Shortly after the release of the report by The Intercept on Monday, the Justice Department announced it had charged a government contractor in Georgia with leaking a classified report containing "Top Secret level" information to an online news organization. The report the contractor allegedly leaked is dated May 5, the same date as the document The Intercept posted online.

The report suggests election-related hacking penetrated further into US voting systems than previously known. A Kremlin spokesman denied the report.

The classified National Security Agency report does not say whether the hacking had any effect on election results. But it says Russian military intelligence attacked a US voting software company and sent spear-phishing emails to more than 100 local election officials at the end of October or beginning of November.

US intelligence agencies declined to comment.

The document said Russian military intelligence "executed cyber espionage operations against a named US company in August 2016 evidently to obtain information on elections-related software and hardware solutions, according to information that became available in April 2017."

Dmitry Peskov, spokesman for President Vladimir Putin, denied the allegations Tuesday, saying that the Kremlin did not see "any evidence to prove this information is true." He said Moscow categorically denies "the possibility" of the Russian government being behind it.

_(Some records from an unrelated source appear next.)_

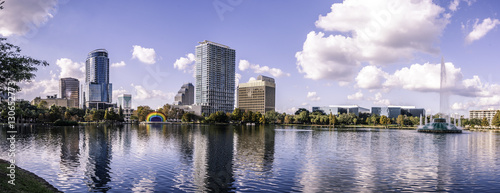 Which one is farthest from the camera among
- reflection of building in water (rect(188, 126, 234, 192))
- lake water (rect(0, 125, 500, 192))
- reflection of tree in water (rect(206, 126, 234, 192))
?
lake water (rect(0, 125, 500, 192))

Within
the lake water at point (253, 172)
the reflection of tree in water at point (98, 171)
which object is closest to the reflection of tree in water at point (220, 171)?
the lake water at point (253, 172)

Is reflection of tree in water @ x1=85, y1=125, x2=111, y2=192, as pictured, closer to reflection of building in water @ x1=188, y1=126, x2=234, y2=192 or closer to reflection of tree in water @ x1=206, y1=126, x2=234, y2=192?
reflection of building in water @ x1=188, y1=126, x2=234, y2=192

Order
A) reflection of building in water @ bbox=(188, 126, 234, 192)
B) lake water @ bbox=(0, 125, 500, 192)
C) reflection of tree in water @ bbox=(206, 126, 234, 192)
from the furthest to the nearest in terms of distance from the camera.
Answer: lake water @ bbox=(0, 125, 500, 192)
reflection of tree in water @ bbox=(206, 126, 234, 192)
reflection of building in water @ bbox=(188, 126, 234, 192)

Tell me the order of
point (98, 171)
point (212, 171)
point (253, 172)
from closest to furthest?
point (253, 172) → point (98, 171) → point (212, 171)

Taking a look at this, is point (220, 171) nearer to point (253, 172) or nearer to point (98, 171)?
point (253, 172)

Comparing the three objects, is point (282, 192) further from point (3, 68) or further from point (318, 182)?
point (3, 68)

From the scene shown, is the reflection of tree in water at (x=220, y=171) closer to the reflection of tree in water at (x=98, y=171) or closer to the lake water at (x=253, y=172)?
the lake water at (x=253, y=172)

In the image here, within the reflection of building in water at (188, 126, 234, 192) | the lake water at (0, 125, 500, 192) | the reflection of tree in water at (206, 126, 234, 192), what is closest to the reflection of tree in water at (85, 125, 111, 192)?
the lake water at (0, 125, 500, 192)

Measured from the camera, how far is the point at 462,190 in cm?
3384

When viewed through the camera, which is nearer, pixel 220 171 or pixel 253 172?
pixel 253 172

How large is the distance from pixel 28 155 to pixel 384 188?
55639mm

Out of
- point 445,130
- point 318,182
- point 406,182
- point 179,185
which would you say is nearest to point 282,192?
point 318,182

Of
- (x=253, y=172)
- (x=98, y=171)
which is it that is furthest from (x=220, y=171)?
(x=98, y=171)

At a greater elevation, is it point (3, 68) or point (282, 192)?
point (3, 68) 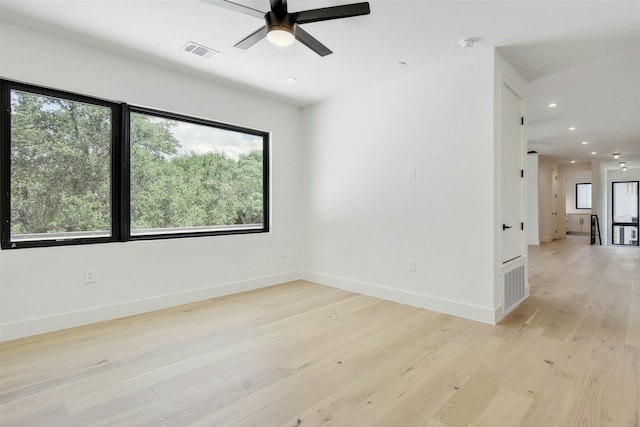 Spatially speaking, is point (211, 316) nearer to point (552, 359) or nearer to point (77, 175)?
point (77, 175)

The hackers are believed to have then used data from that operation to create a new email account to launch a spear-phishing campaign targeting US local government organizations, the document said. "Lastly, the actors send test emails to two non-existent accounts ostensibly associated with absentee balloting, presumably with the purpose of creating those accounts to mimic legitimate services."

The document did not name any state.

The information in the leaked document seems to go further than the US intelligence agencies' January assessment of the hacking that occurred.

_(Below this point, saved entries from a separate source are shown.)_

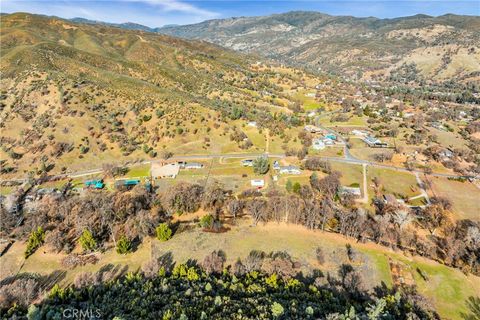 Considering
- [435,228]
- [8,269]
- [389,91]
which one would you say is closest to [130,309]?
[8,269]

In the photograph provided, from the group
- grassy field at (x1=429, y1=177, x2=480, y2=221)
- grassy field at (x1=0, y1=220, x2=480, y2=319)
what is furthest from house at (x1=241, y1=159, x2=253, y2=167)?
grassy field at (x1=429, y1=177, x2=480, y2=221)

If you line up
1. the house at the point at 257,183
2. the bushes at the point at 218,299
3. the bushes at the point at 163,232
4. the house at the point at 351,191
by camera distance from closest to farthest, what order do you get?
the bushes at the point at 218,299 → the bushes at the point at 163,232 → the house at the point at 351,191 → the house at the point at 257,183

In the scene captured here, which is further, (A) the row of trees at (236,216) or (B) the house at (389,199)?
(B) the house at (389,199)

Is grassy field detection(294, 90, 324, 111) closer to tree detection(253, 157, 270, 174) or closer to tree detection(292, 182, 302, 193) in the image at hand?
tree detection(253, 157, 270, 174)

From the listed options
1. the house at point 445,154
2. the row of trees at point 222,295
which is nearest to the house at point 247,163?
the row of trees at point 222,295

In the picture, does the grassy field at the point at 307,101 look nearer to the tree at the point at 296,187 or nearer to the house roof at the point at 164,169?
the tree at the point at 296,187

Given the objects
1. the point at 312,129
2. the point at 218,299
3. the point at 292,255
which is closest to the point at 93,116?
the point at 312,129

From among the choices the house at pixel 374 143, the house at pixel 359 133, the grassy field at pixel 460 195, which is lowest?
the grassy field at pixel 460 195

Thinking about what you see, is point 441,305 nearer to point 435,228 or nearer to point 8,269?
point 435,228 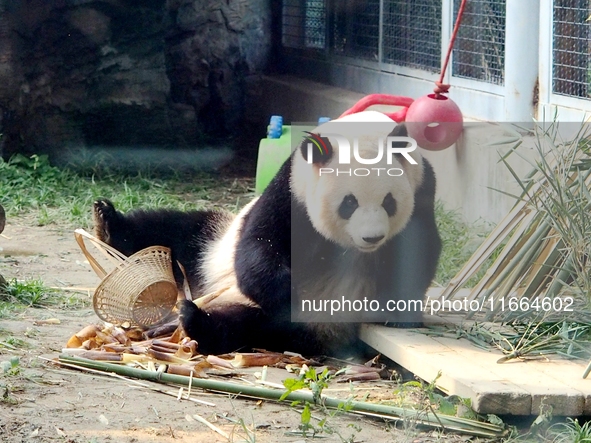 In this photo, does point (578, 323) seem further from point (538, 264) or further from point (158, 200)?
point (158, 200)

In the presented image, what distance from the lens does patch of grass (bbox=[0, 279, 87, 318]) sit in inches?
148

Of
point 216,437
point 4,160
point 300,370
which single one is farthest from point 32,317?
point 4,160

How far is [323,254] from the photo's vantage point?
337 cm

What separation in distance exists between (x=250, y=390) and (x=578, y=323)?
1.10 m

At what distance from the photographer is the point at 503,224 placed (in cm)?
333

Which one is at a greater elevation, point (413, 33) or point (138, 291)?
point (413, 33)

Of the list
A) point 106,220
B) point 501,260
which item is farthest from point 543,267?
point 106,220

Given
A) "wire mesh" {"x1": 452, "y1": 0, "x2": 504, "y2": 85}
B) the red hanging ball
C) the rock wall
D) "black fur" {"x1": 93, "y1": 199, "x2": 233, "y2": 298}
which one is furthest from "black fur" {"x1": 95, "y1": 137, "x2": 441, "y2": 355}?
the rock wall

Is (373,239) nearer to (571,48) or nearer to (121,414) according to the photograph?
(121,414)

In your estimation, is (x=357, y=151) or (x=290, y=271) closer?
(x=357, y=151)

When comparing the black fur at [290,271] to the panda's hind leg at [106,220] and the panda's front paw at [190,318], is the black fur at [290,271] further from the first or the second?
the panda's hind leg at [106,220]

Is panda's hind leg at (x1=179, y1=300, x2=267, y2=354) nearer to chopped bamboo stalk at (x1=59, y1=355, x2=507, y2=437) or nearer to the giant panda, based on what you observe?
the giant panda

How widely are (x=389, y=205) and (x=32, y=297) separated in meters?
1.63

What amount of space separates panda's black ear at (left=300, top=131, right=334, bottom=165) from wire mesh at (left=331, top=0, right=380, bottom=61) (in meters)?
3.51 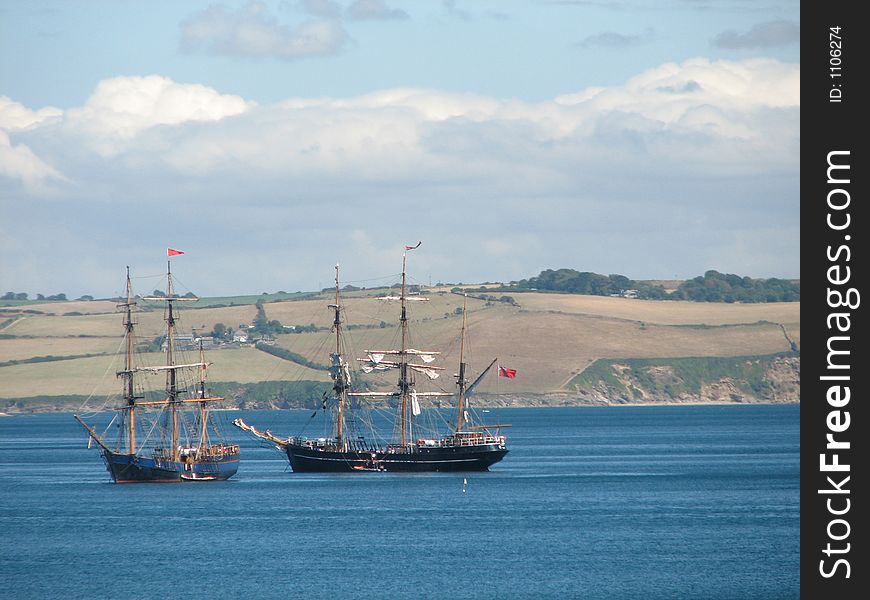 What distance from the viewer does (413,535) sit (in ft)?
276

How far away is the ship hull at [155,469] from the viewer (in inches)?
4579

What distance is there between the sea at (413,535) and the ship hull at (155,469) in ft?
A: 4.20

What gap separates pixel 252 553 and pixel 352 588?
13200 mm

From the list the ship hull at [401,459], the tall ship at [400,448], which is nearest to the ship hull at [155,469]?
the tall ship at [400,448]

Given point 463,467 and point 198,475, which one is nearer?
point 198,475

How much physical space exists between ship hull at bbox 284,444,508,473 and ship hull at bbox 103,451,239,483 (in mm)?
9982

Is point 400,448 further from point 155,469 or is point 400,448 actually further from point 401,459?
point 155,469

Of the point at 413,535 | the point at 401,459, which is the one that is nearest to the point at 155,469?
the point at 401,459

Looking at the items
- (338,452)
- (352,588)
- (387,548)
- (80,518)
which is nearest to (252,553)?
(387,548)

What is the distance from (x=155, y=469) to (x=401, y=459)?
20.8m

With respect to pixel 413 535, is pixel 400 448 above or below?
above
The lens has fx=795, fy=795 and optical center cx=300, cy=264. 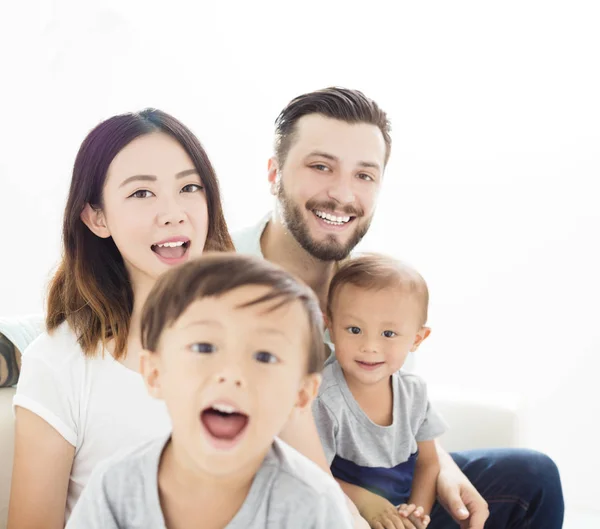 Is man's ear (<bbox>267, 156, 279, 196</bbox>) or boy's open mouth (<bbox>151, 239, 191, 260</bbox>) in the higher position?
man's ear (<bbox>267, 156, 279, 196</bbox>)

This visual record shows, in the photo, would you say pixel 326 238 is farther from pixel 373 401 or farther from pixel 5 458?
pixel 5 458

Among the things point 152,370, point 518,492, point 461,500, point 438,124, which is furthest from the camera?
point 438,124

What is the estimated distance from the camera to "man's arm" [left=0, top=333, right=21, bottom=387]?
1.74 metres

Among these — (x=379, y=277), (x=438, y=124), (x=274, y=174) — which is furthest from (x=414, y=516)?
(x=438, y=124)

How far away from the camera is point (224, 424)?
1.01 m

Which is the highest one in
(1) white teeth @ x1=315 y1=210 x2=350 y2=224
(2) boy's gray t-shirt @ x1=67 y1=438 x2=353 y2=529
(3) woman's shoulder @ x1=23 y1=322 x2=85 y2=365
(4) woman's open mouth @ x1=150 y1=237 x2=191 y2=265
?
(1) white teeth @ x1=315 y1=210 x2=350 y2=224

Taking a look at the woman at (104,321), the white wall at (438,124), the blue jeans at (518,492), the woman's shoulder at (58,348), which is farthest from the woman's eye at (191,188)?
the white wall at (438,124)

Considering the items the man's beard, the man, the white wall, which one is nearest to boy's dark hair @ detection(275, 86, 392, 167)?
the man

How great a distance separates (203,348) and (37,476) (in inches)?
23.9

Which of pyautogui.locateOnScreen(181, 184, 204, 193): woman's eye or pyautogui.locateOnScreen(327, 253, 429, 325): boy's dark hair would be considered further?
pyautogui.locateOnScreen(327, 253, 429, 325): boy's dark hair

"Russian intelligence obtained and maintained access to elements of multiple US state or local electoral boards," the assessment said. The Department of Homeland Security "assesses that the types of systems Russian actors targeted or compromised were not involved in vote tallying."

The Intercept contacted NSA and the national intelligence director's office about the document and both agencies asked that it not be published. US intelligence officials then asked The Intercept to redact certain sections. The Intercept said some material was withheld at US intelligence agencies' request because it wasn't "clearly in the public interest."

The Associated Press could not confirm the authenticity of the May 5 NSA document, which The Intercept said it obtained anonymously.

In its announcement of the arrest, the Justice Department said Reality Leigh Winner of Augusta, Georgia, has been charged in US District Court with copying classified documents and mailing them to a reporter with an unnamed news organization. Prosecutors did not say which federal agency Ms. Winner worked for, but FBI agent Justin Garrick said in an affidavit filed with the court that she had previously served in the Air Force and held a top-secret security clearance.

Winner's attorney, Titus Thomas Nichols, declined to confirm whether she is accused of leaking the NSA report received by The Intercept. He also declined to name the federal agency for which Winner worked.

"My client has no (criminal) history, so it's not as if she has a pattern of having done anything like this before," Mr. Nichols said in a phone interview Monday. "She is a very good person. All this craziness has happened all of a sudden."

In affidavits filed with the court, Mr. Garrick of the FBI said the government was notified of the leaked report by the news outlet that received it. He said the agency that housed the report determined only six employees had made physical copies. Winner was one of them. Garrick said investigators found Winner had exchanged email with the news outlet using her work computer.

Garrick's affidavit said he interviewed Winner at her home Saturday and she "admitted intentionally identifying and printing the classified intelligence reporting at issue" and mailing it to the news outlet.

Asked if Winner had confessed, Nichols said, "If there is a confession, the government has not shown it to me."